Monday 18 February 2008

Solution: Solaris 10 fails to install on EFI labeled disks

I recently came across the following error when jumpstarting a system that has 4 disks, 2 of which were previously in a zpool and were EFI labeled:
Checking rules.ok file...
awk: division by zero
record number 17
awk: division by zero
record number 15
expr: syntax error
awk: division by zero
record number 17
The error seemed harmless enough in that it didn't affect the installation. Even still I tracked it down to the /usr/sbin/install.d/chkprobe script in the Solaris 10 mini-root. I opened a case with Sun and they informed me it was a known issue (BugID 6457349: chkprobe cannot handle disks with EFI labels). Sun provided me with a work-around patch to chkprobe which produced the following output:
Checking rules.ok file...
c0t8d0 doesn't have a VTOC label
c0t9d0 doesn't have a VTOC label
This was fine in a system that had at least one VTOC labeled disk as the jumpstart installation could still proceed. When the all of the disks are EFI labeled then the installation fails with the message:
ERROR: One or more disks are found, but one of the following problems exists:
- Hardware failure
- The disk(s) available on this system cannot be used to install Solaris Software. They do not have a valid label. If you want to use the disk(s) for the install, use format(1M) to label the disk and restart the installation.
Solaris installation program exited.
To solve this you need to run the format -e command and re-label the disks. Note the "-e" (expert mode) option to format is required otherwise you won't be given the choice of label types.
# format -e
Searching for disks...done


AVAILABLE DISK SELECTIONS:
0. c0t0d0 <FUJITSU-MAP3367N SUN36G-0401-33.92GB>
/pci@1c,600000/scsi@2/sd@0,0
1. c0t1d0 <FUJITSU-MAP3367N SUN36G-0401-33.92GB>
/pci@1c,600000/scsi@2/sd@1,0
Specify disk (enter its number): 0
selecting c0t0d0
[disk formatted]


FORMAT MENU:
disk - select a disk
type - select (define) a disk type
partition - select (define) a partition table
current - describe the current disk
format - format and analyze the disk
repair - repair a defective sector
label - write label to the disk
analyze - surface analysis
defect - defect list management
backup - search for backup labels
verify - read and display labels
inquiry - show vendor, product and revision
scsi - independent SCSI mode selects
cache - enable, disable or query SCSI disk cache
volname - set 8-character volume name
! - execute , then return
quit
format> label
[0] SMI Label
[1] EFI Label
Specify Label type[1]: 0
Warning: This disk has an EFI label. Changing to SMI label will erase all
current partitions.
Continue? y
Auto configuration via format.dat[no]? y
format> quit
The fix Sun provided should make it into a future Solaris 10 update and I suspect once ZFS boot is released this problem will be resolved for good.

7 comments:

Starflake said...

Hi,

I just wanna thank you for this post. It really saved my day, trying to install Solaris 10 on a SUN Ultra 45.

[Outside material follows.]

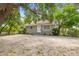 Charming single-story home featuring a simple front facade with grey paint, complemented by the surrounding lush greenery at 2038 16Th S St, St Petersburg, FL 33705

I even searched SUN's official forums, but I found no answers there. So thank you again!

BR

Lennie

Scott Rowley said...

Been having this same issue with a new jumpstart as well, thanks for the save!

Unknown said...

Same here, and it's not fixed as of Solaris 10 Update 8. And, it's not that easy to troubleshoot Jumpstart with multiple boot servers on different subnets, nor do I do it every day.

Unknown said...

Sweet! I was trying to Jumpstart on (3) V440's today and had this issue. Thanks for the information!

Unknown said...

Thank you so much, you really save our day

Best Regards,

MS DP JP YS

Dave said...

Nice, works.

But how to continue or restart install ?

Matthew Flanagan said...

@David McNeill, It has been a few years since I've done this but usually when an installation exits and drops you to a shell you can restart the install after fixing things by running suninstall.

Cheers

Matthew